ISVs are sometimes not quite aware of what goes on in partner-land when software goes wrong. Partners can get some interesting calls from the customer. They are technical, act for many customers and commonly demand (and deserve) priority support.
Having worked as an ISV and a partner (and for a time, both), I'm keenly aware of the pain when things go wrong. Here are the top 5 items from experience; as an ISV, you should do to make sure your partners have the best experience in the worst of times.
Be honest, quickly
I'm going to assume you know before your customers when something has gone wrong, but I also understand that this is not always the case. If something goes wrong, even if it's someone else's fault, including your cloud platform, for the customer and partner, the buck stops with the ISV.
It would be best if you were super honest, super-fast and communicate widely about your outage, what you know, what you are doing and when you believe you will fix it. There is nothing worse than an ISV who doesn't communicate when things go wrong, except one who obfuscates or tries to put a spin on the message.
The best and most appreciated response is fast, broad and honest. A good example is OVHcloud, when their data centre burned down and their backup data centre was smoke damaged. Their communication was rapid, detailed and very complete. Whilst that example was extreme, I have found that partners and customers, in the main, appreciate honest communication.
There are competing pressures in the world of an ISV, from getting features in the market to answering customer needs, generating revenue, and software quality. The most significant software companies in the world have learned that the most considerable risk is when you compromise software quality.
Here in Australia, I'm constantly surprised by the back seat that testing seems to take to most development projects. Being used to a 30 percent marketing, 30 percent development and 30 percent test split from product teams in the US, it is even challenging to recruit test resource in this country.
Software quality is critical, however. In business to consumer software, customers run away and never come back from buggy software. Similarly, in business-to-business software sold through a partner, you can cause no end of pain with a poor-quality release, causing an increase in cost to the partner, decreased customer satisfaction and even lawsuits.
Never test production
Whilst test is essential, the right type of test is critical. In the world of heavily integrated SaaS platforms, development staff mustn't test against real connections. I have heard of a test case deleting many records in another system. This occurred because a developer had modified a test case to perform an administration task and had never put it back.
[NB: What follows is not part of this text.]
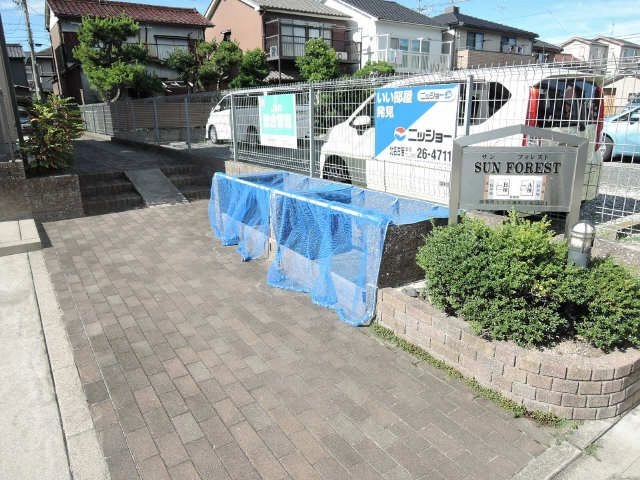 ごみ置き場
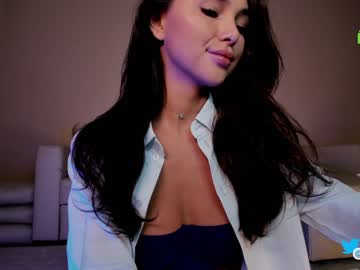 girl hollyextra image #3987841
Use a methodology for quality and discipline
Software development is complex and has a bunch of competing pressures. To reduce the number of people errors, using a documented method helps. If you're interested, I have an open-source one at https://nickbeau.github.io/ReleasedMethod/, a culmination of what I have learned running teams and writing software. Feel free to amend and contribute!
Keep the partner at the centre
Partners help you scale to many customers, so they are a vast support cost-saving if done correctly. That's why partners often get priority support. In addition, partners are keen for your software to work with the customer and commonly share revenue or margin, so you are all on the same team.
Giving partners more communication than less.
Warning them of upcoming changes and releases.
Giving them priority support.
Opening that communication channel as wide as possible.
As well as a great route to market, they are commonly the source of the best product ideas.
As you can see, quality and discipline are key. Still, it needs to be performed in addition to excellent and honest communication. That way, the partner relationship can grow, and it benefits both parties.